TASK TO CARRY OUT — Identify all lines of the data containing the string "Cover" and copy them.

DATASET RECORDS —

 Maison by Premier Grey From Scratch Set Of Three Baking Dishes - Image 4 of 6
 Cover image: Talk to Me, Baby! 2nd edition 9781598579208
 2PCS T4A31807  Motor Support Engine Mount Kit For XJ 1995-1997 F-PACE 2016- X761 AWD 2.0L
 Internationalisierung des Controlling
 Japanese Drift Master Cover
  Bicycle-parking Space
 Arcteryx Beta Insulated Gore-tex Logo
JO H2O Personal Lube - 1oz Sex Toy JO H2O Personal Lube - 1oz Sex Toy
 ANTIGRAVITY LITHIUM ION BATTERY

---

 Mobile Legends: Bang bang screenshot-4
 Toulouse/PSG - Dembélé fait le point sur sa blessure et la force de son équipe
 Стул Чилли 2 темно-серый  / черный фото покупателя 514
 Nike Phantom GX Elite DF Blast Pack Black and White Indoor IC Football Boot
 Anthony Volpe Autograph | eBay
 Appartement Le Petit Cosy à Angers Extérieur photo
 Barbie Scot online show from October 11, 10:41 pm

ANSWER FOR THIS EXERCISE —
 Cover image: Talk to Me, Baby! 2nd edition 9781598579208
 Japanese Drift Master Cover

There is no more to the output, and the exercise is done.